I have two dataframes that share an ID column between them. The first dataframe is split out and sent to the owners of the data for updates. Once returned, they are put back together into a single dataframe again. Now one dataframe has been updated and contains new entries with no ID yet and is also in a different order from what is originally was. df1 is the old, df2 is the new I want sort df2 based on the ID column in df1 and leave the new entries at the bottom. The IDs are randomly generated and do not have an order, which is by design.
Is there any good way of doing that? I looked at this post, which makes use of indexing. I could make my ID column the index, but as some new entries would not have an ID yet, that would not work.
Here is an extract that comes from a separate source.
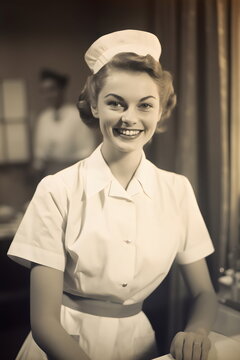vintage portrait of smiling nurse in black and white sepia photo style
I have made a mockup of the situation here:
df=pd.DataFrame(columns=['Name','DataOwner','UniqueID'], data=[['P1',1,123],['P2',2,321],['P3',3,456]])
df2=pd.DataFrame(columns=['Name','DataOwner','UniqueID'], data=[['P1',1,123],['P4', 1, ],['P2',2,321],['P5',2,],['P3',3,456], ['P6', 3, ]])
Which results in these two dataframes:
Name DataOwner UniqueID
0 P1 1 123
1 P2 2 321
2 P3 3 456
Name DataOwner UniqueID
0 P1 1 123.0
1 P4 1 NaN
2 P2 2 321.0
3 P5 2 NaN
4 P3 3 456.0
5 P6 3 NaN
The names of the projects are descriptive text and cannot be used for sorting, the dataowner is not sorted and just put there to illustrate that the data is returned by dataowner, put together in one big datafram before i need to sort it based on the ID with new entries at the bottom.
The result i want is then to have:
Name DataOwner UniqueID
0 P1 1 123
1 P2 2 321
2 P3 3 456
Name DataOwner UniqueID
0 P1 1 123.0
2 P2 2 321.0
4 P3 3 456.0
1 P4 1 NaN
3 P5 2 NaN
5 P6 3 NaN
Although the order of the new entries does not matter - they just need to be at the bottom.